↓↓↓

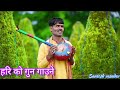 Jab Lo Jeene Hari Gun जब लो जीने हरि को गुन गाउने Bundelkh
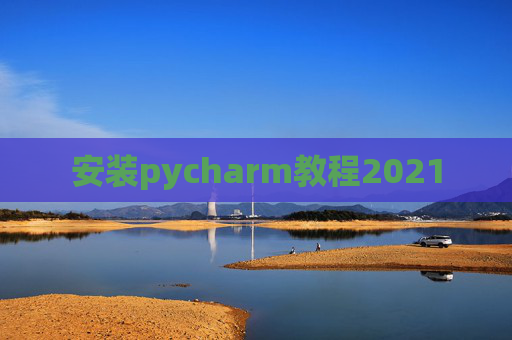 安装pycharm教程2021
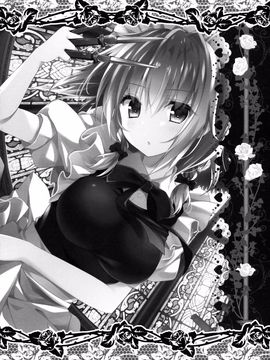 [きのこのみ (kino,konomi)] 甘くてやさしい咲夜さん (東方Project)[CE家族社]_CE_958_015_1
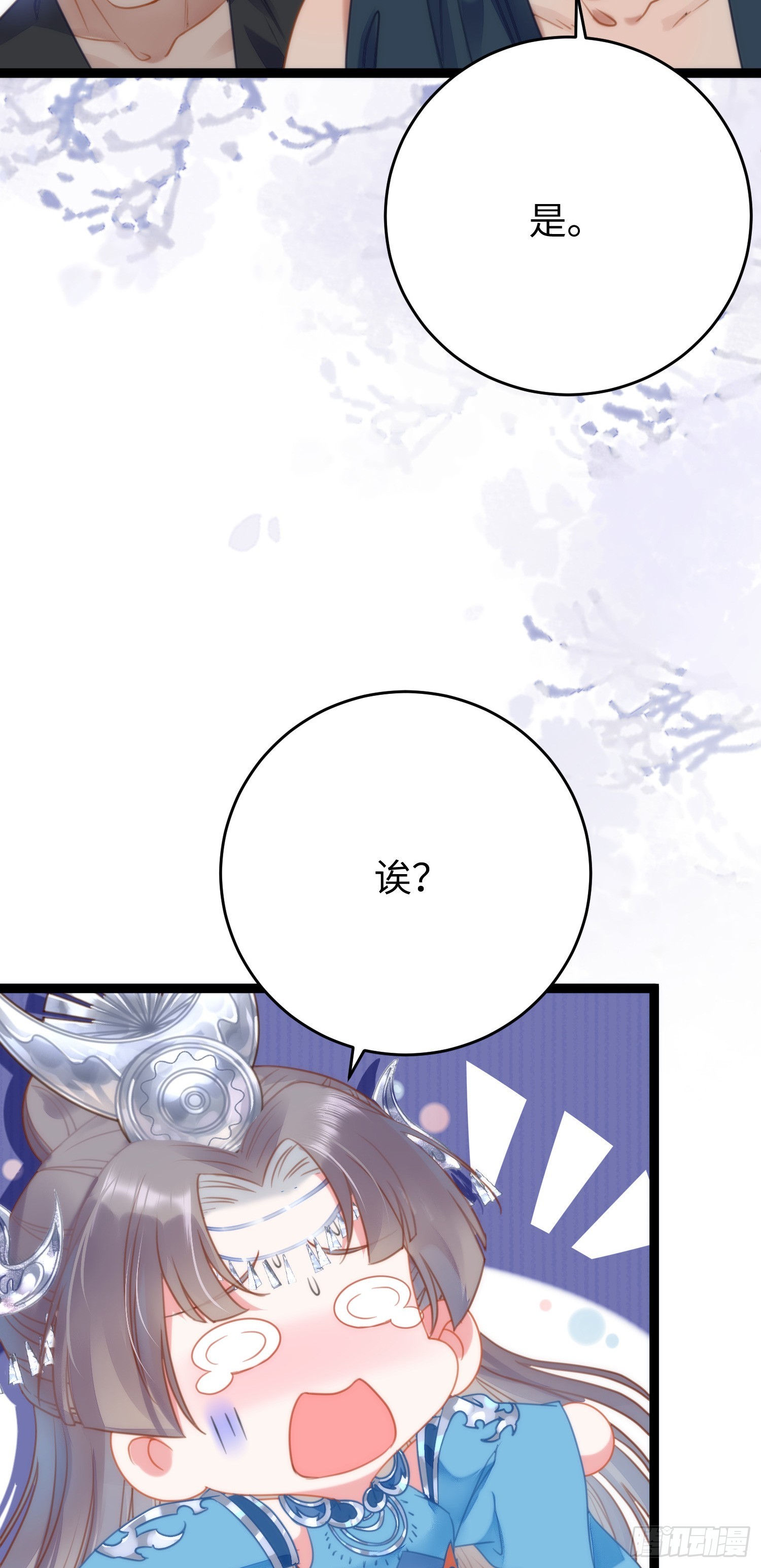 逆徒每天都想欺师犯上漫画,52 要被杀了？！1图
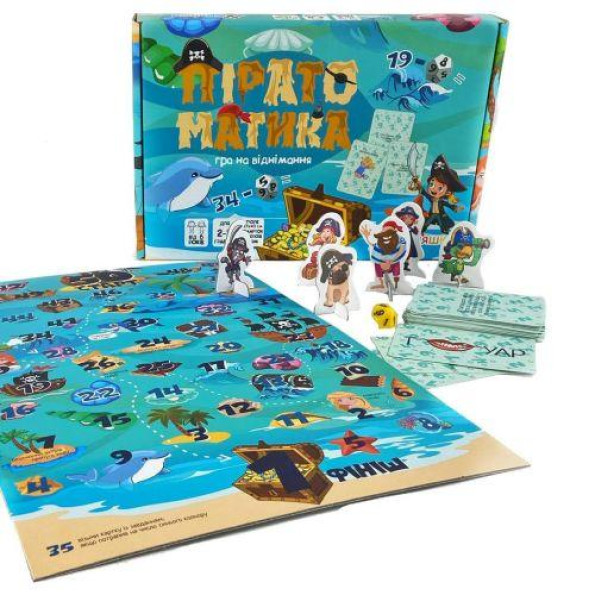 Настольная игра на вычитание 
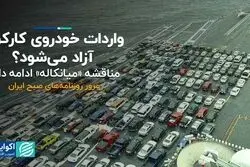  واردات خودروی کارکرده آزاد می‌شود؟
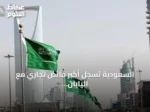 السعودية تسجل أكبر فائض تجاري مع اليابان بين دول الخليج بنسبة 55%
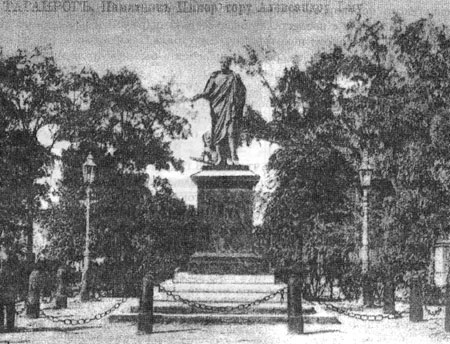 Памятник Александру I в Таганроге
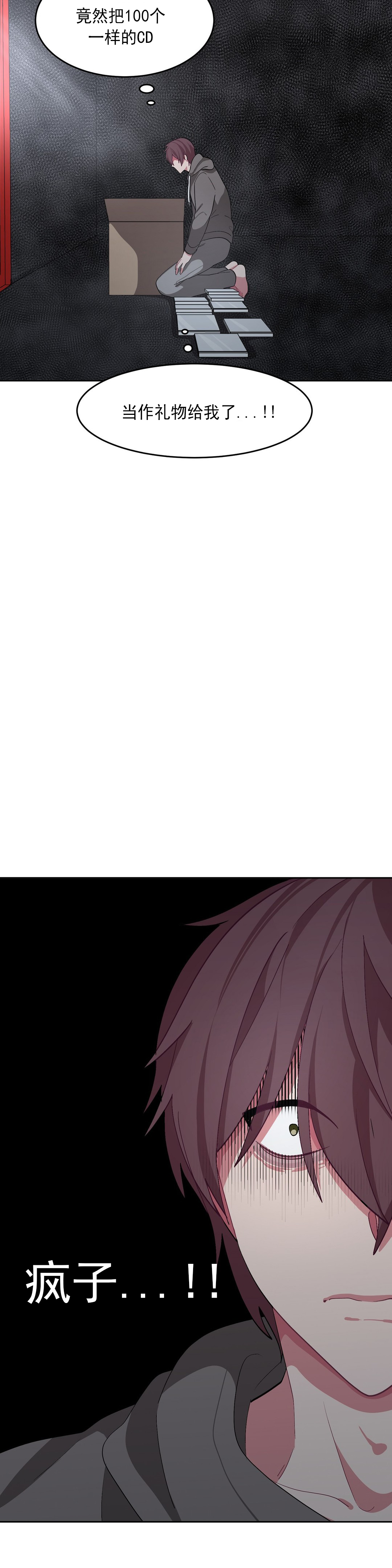 《如何服从》漫画最新章节第38话免费下拉式在线观看章节第【9】张图片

↑↑↑

__Problem requirements__: What is needed is a verbatim copy of the entries, leaving out any pictures.

__Solution to this problem__:
 Jab Lo Jeene Hari Gun जब लो जीने हरि को गुन गाउने Bundelkh
 安装pycharm教程2021
 [きのこのみ (kino,konomi)] 甘くてやさしい咲夜さん (東方Project)[CE家族社]_CE_958_015_1
 逆徒每天都想欺师犯上漫画,52 要被杀了？！1图
 Настольная игра на вычитание 
  واردات خودروی کارکرده آزاد می‌شود؟
 السعودية تسجل أكبر فائض تجاري مع اليابان بين دول الخليج بنسبة 55%
 Памятник Александру I в Таганроге
 《如何服从》漫画最新章节第38话免费下拉式在线观看章节第【9】张图片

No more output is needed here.